Anyway, he’s pretty much gotten over it. I mean, I’ve made my decision. I have a friend closer to school that I wouldn’t mind moving in with, and she would let me slide on the payment until I get a job (which shouldn’t take long at all). I also want to talk to my sister about her and her kids moving to Dallas, though. It would help them out because Leah (my sister) would be able to find a better paying and stable job in a larger city than our hometown. Her husband is in prison, she has four kids to feed, and hasn’t had a job in ten years. If she could just rent out her house she could use that money to pay for an apartment in the Dallas area. I could live there and help out so she’d be making a profit from that AND have a job at the same time. I’d probably have to stay closer to the Dallas area, but I don’t mind all that much…but get ready to scream at me when I tell you why.

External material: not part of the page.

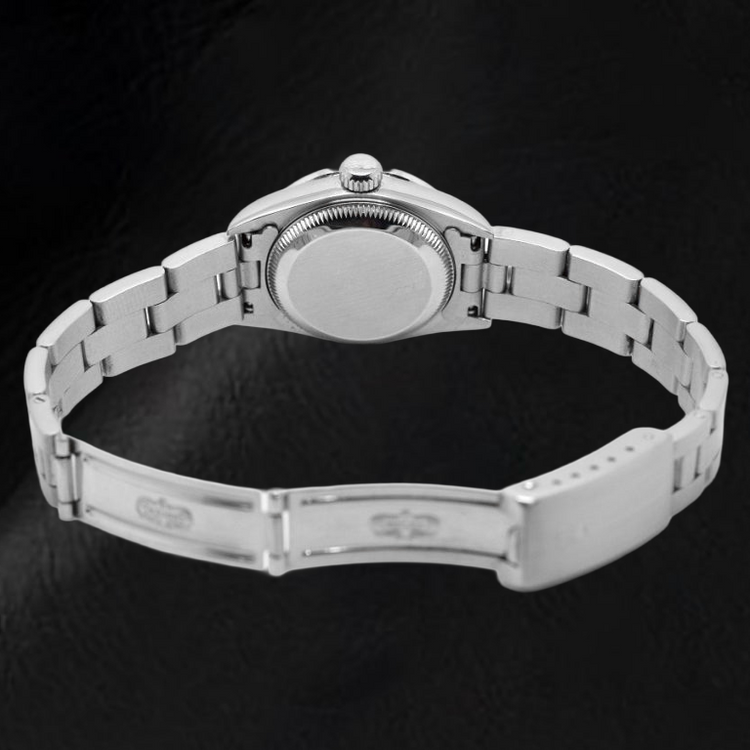 Montre Rolex Oyster Perpetual en acier inoxydable avec cadran diamant rose de 24 mm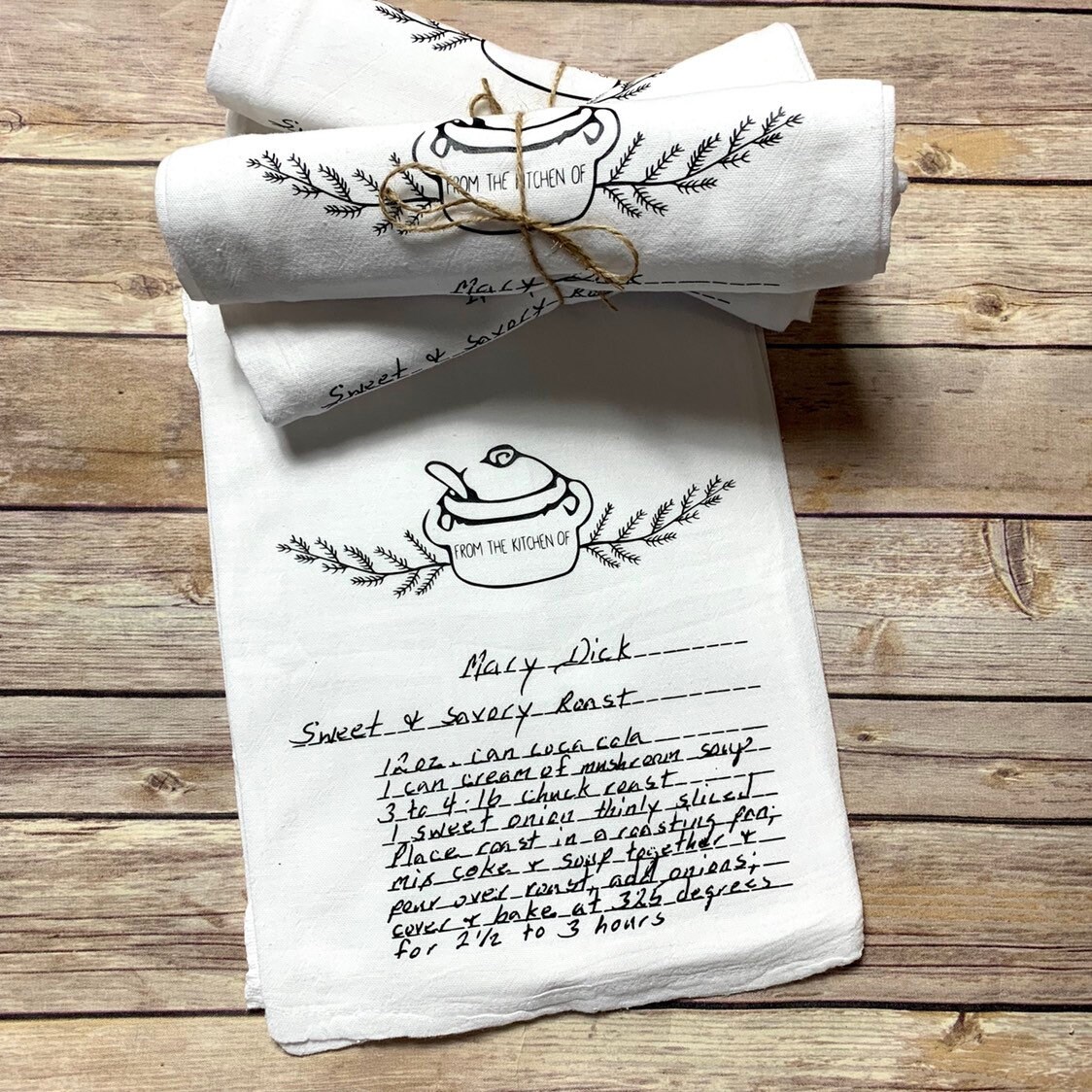 Handwritten Recipe Tea Towel Family Recipe Kitchen Towel Etsy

Okay…here goes. You know I can’t ever make myself write a Reader’s Digest condensed version of a story, so I hope you have a little time to read.

My roommate Geoff, who just turned 19, is going out with the 31-year-old stripper next door, Amy. She’s really cool, a lot like my sister, and has two kids (Savannah, 11, and Gunner, 8). So that’s a pretty surreal situation. Anyway like I said she’s pretty cool and we all go out occasionally. Last week Clint and I went out with Geoff and Amy and our other roommate Eric (41) and some other people. We went to a tattoo-and-piercing shop because Amy knows the owner and wanted Geoff to get his tongue pierced. After we had been there for a while I had to go to the bathroom. It was in the back of the shop, past all the tattoo artists’ rooms.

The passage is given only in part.